▶ [The problem]: Repeat the data that follows verbatim. Images are not part of the copy.

▶ [Collected data]:

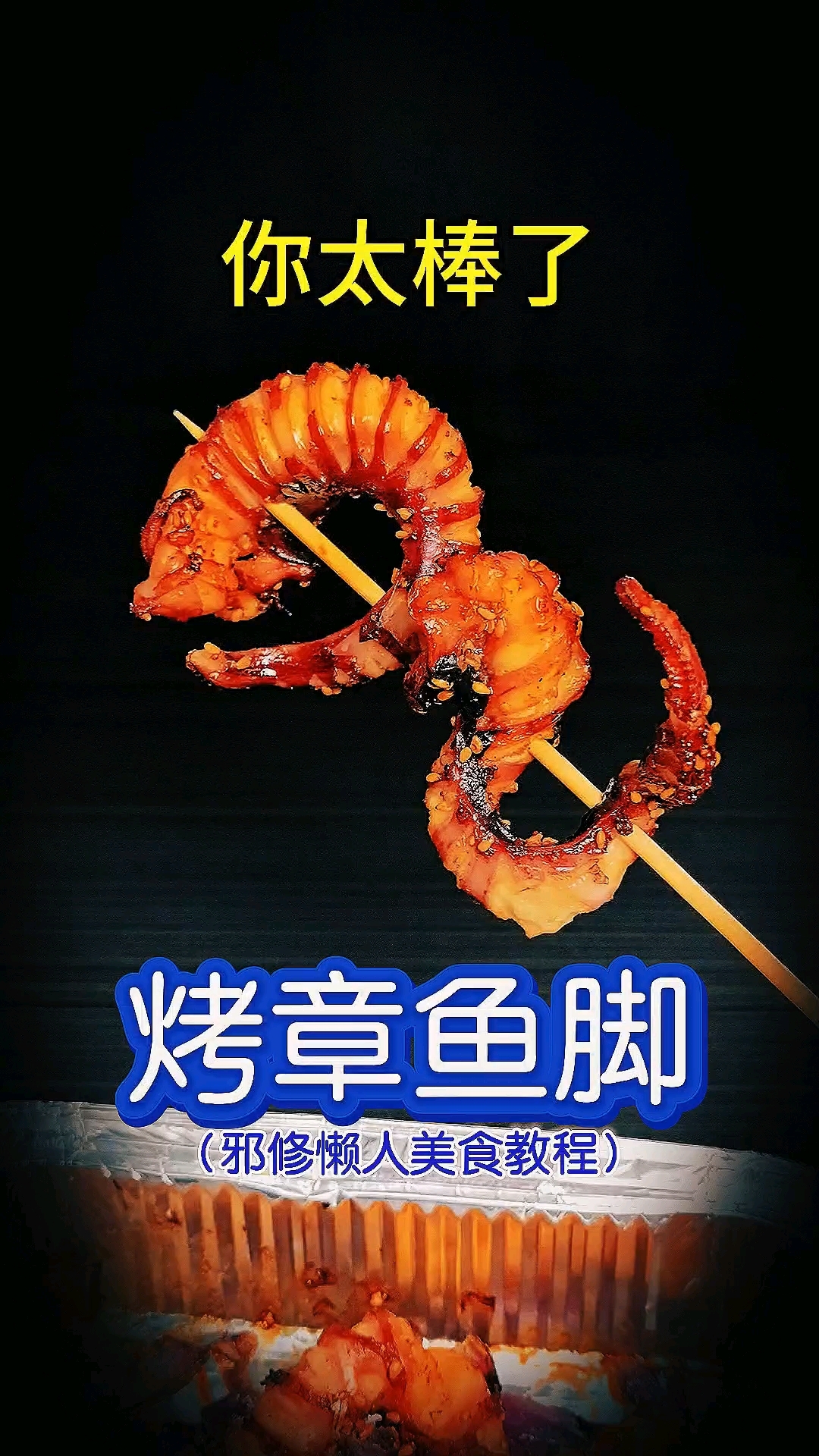 你太棒了做出了烤章鱼脚!邪修懒人美食教程,空气炸锅美食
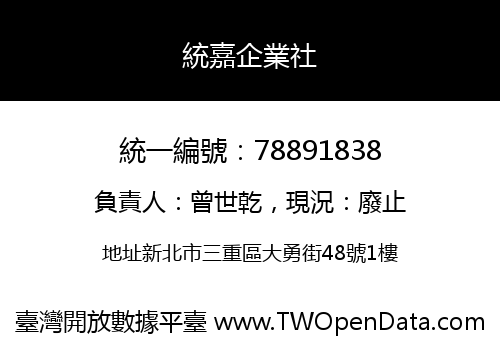 統嘉企業社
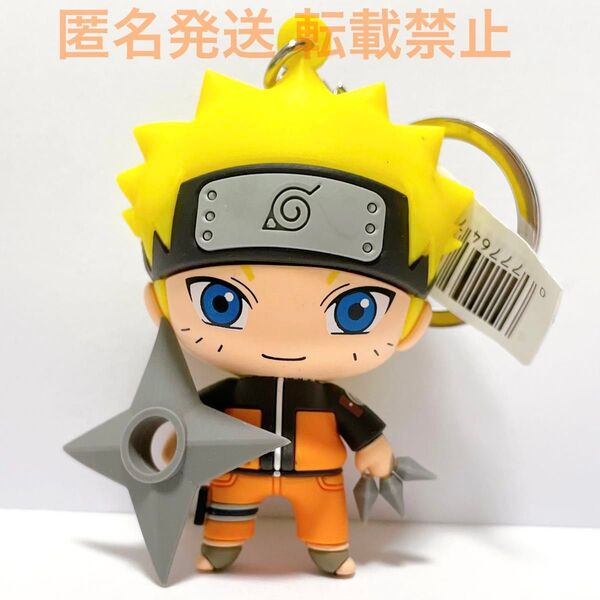 NARUTO ナルト グッズ フィギュア マスコット キーホルダー バッグ チャーム 漫画 コミック アニメ うずまきナルト
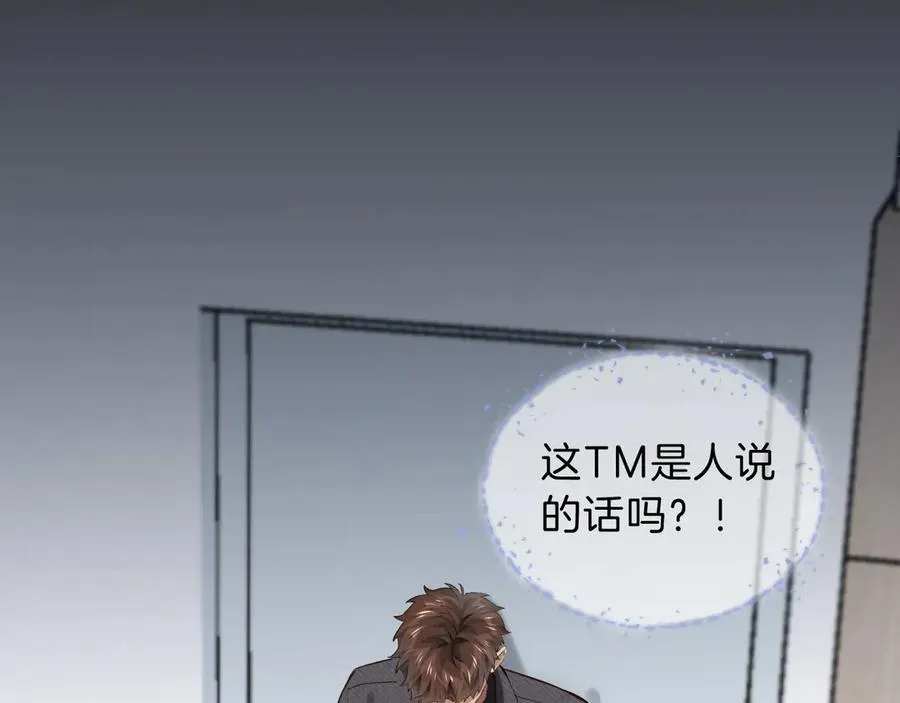 第33话 排号去吧52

▶ [Result of the task]:
 你太棒了做出了烤章鱼脚!邪修懒人美食教程,空气炸锅美食
 統嘉企業社
 NARUTO ナルト グッズ フィギュア マスコット キーホルダー バッグ チャーム 漫画 コミック アニメ うずまきナルト
 第33话 排号去吧52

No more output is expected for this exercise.